:: Task requirements ::
Going down the listing below, print exactly each line from the one with "Brilagi - Lustră" up to and including the one with "Montblanc Solid Color", and skip the rest.

### Provided entries

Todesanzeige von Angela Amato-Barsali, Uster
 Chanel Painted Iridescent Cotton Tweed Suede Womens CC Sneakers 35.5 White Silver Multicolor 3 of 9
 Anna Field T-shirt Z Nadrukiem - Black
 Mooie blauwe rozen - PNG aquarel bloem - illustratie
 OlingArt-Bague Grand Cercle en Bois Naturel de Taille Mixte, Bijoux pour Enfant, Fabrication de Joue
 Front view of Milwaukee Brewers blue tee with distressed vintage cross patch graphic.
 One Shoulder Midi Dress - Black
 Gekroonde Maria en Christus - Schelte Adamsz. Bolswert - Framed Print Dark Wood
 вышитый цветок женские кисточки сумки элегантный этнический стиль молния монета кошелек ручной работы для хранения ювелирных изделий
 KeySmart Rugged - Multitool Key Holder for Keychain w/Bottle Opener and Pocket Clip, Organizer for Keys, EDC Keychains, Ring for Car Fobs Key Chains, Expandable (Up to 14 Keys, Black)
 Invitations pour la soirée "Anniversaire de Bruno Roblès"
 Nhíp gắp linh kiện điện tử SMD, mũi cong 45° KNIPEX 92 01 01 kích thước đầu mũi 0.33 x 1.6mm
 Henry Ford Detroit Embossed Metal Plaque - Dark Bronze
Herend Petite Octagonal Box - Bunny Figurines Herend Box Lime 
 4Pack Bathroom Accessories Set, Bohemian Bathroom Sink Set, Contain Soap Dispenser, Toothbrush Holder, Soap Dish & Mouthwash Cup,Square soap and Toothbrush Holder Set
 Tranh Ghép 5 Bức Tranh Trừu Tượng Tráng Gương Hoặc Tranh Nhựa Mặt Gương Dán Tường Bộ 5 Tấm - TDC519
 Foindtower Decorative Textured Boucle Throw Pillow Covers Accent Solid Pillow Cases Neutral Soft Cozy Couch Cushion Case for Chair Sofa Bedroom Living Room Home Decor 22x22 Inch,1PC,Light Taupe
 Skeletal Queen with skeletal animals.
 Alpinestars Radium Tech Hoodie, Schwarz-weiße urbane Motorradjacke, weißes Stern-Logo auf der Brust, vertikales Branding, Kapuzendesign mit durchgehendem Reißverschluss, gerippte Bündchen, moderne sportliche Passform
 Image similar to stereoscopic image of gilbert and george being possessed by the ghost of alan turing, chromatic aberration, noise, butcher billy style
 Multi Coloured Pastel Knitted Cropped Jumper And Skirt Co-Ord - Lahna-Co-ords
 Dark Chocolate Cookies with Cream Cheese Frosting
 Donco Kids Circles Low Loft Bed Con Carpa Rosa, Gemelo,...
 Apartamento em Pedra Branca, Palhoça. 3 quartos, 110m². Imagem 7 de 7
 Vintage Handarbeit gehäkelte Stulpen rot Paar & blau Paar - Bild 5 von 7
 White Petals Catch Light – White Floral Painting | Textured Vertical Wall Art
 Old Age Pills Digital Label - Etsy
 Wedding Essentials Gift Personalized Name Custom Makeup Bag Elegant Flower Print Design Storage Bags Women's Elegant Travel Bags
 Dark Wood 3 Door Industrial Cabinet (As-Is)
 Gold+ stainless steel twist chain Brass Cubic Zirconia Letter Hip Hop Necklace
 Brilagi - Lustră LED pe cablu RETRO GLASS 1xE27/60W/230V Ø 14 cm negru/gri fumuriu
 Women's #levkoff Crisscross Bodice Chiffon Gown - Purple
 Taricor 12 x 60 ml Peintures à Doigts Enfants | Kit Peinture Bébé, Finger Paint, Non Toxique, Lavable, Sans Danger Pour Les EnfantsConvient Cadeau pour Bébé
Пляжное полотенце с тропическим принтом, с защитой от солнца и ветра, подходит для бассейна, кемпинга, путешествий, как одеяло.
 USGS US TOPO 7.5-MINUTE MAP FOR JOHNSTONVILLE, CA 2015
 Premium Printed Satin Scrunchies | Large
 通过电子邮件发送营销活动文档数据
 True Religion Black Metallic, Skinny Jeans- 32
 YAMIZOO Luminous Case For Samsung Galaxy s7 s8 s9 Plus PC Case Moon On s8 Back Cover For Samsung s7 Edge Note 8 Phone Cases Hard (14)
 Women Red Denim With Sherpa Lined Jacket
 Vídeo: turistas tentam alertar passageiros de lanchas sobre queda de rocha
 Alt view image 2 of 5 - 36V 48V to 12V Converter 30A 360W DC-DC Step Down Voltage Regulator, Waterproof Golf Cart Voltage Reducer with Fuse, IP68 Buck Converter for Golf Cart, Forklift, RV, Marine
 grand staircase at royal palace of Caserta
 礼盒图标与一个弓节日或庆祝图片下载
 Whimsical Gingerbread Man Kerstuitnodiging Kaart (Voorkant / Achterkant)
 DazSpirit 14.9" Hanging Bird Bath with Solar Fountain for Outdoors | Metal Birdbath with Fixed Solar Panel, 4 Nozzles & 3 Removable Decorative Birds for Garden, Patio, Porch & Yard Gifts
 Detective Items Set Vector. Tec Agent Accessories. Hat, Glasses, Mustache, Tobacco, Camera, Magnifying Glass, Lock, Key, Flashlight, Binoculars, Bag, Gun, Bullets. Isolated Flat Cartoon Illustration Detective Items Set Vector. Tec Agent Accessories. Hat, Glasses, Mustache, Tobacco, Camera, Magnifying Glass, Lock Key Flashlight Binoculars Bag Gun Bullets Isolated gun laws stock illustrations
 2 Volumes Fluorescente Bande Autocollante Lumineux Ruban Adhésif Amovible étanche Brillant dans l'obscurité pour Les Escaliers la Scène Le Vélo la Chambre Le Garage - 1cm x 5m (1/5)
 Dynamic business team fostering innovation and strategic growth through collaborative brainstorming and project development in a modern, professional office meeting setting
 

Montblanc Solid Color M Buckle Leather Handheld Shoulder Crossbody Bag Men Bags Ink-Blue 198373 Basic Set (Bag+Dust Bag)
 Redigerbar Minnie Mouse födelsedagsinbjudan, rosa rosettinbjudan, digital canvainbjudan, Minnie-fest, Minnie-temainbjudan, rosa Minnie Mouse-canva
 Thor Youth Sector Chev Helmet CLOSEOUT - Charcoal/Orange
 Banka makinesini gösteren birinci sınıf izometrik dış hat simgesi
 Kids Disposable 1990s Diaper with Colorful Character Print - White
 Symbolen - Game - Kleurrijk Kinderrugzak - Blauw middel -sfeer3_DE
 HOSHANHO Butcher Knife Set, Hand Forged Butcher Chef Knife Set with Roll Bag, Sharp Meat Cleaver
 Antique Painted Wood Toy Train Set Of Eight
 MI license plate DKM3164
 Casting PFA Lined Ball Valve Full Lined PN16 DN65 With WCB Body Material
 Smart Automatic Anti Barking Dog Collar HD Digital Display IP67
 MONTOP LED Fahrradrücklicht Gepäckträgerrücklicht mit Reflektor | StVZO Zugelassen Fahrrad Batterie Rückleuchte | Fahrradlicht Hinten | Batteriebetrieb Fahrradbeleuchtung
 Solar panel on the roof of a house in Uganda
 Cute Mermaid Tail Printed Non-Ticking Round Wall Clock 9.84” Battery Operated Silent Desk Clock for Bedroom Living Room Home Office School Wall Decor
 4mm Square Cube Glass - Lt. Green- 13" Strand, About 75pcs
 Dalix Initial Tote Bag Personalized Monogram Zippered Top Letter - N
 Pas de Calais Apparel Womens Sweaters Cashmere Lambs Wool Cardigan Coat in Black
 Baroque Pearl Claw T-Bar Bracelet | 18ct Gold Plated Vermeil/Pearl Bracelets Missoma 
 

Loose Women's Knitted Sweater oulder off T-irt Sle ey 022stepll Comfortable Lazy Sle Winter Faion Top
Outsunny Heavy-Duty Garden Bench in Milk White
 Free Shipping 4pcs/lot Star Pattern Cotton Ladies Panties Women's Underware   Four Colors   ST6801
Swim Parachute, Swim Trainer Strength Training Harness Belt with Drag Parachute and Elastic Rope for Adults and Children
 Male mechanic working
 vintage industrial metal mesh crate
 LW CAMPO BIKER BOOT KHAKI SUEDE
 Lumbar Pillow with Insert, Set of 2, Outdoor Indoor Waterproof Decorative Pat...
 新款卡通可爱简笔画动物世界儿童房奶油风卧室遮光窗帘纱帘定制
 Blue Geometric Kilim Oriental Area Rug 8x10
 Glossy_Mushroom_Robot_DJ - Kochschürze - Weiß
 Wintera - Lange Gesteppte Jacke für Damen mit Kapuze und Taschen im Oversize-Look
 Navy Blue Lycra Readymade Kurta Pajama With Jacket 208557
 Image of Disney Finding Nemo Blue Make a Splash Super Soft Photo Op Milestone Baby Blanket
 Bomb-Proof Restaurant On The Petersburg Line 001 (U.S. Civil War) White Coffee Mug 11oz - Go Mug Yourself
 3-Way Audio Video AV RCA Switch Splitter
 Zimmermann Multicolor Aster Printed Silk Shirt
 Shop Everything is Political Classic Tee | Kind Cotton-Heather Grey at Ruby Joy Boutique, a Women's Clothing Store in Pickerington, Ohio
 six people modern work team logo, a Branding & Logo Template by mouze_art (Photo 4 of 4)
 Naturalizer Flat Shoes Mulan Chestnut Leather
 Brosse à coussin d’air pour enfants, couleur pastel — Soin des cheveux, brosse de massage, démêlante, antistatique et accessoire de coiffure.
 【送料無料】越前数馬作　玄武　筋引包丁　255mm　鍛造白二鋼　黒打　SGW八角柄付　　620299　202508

######

:: Response area ::
 Brilagi - Lustră LED pe cablu RETRO GLASS 1xE27/60W/230V Ø 14 cm negru/gri fumuriu
 Women's #levkoff Crisscross Bodice Chiffon Gown - Purple
 Taricor 12 x 60 ml Peintures à Doigts Enfants | Kit Peinture Bébé, Finger Paint, Non Toxique, Lavable, Sans Danger Pour Les EnfantsConvient Cadeau pour Bébé
Пляжное полотенце с тропическим принтом, с защитой от солнца и ветра, подходит для бассейна, кемпинга, путешествий, как одеяло.
 USGS US TOPO 7.5-MINUTE MAP FOR JOHNSTONVILLE, CA 2015
 Premium Printed Satin Scrunchies | Large
 通过电子邮件发送营销活动文档数据
 True Religion Black Metallic, Skinny Jeans- 32
 YAMIZOO Luminous Case For Samsung Galaxy s7 s8 s9 Plus PC Case Moon On s8 Back Cover For Samsung s7 Edge Note 8 Phone Cases Hard (14)
 Women Red Denim With Sherpa Lined Jacket
 Vídeo: turistas tentam alertar passageiros de lanchas sobre queda de rocha
 Alt view image 2 of 5 - 36V 48V to 12V Converter 30A 360W DC-DC Step Down Voltage Regulator, Waterproof Golf Cart Voltage Reducer with Fuse, IP68 Buck Converter for Golf Cart, Forklift, RV, Marine
 grand staircase at royal palace of Caserta
 礼盒图标与一个弓节日或庆祝图片下载
 Whimsical Gingerbread Man Kerstuitnodiging Kaart (Voorkant / Achterkant)
 DazSpirit 14.9" Hanging Bird Bath with Solar Fountain for Outdoors | Metal Birdbath with Fixed Solar Panel, 4 Nozzles & 3 Removable Decorative Birds for Garden, Patio, Porch & Yard Gifts
 Detective Items Set Vector. Tec Agent Accessories. Hat, Glasses, Mustache, Tobacco, Camera, Magnifying Glass, Lock, Key, Flashlight, Binoculars, Bag, Gun, Bullets. Isolated Flat Cartoon Illustration Detective Items Set Vector. Tec Agent Accessories. Hat, Glasses, Mustache, Tobacco, Camera, Magnifying Glass, Lock Key Flashlight Binoculars Bag Gun Bullets Isolated gun laws stock illustrations
 2 Volumes Fluorescente Bande Autocollante Lumineux Ruban Adhésif Amovible étanche Brillant dans l'obscurité pour Les Escaliers la Scène Le Vélo la Chambre Le Garage - 1cm x 5m (1/5)
 Dynamic business team fostering innovation and strategic growth through collaborative brainstorming and project development in a modern, professional office meeting setting
 

Montblanc Solid Color M Buckle Leather Handheld Shoulder Crossbody Bag Men Bags Ink-Blue 198373 Basic Set (Bag+Dust Bag)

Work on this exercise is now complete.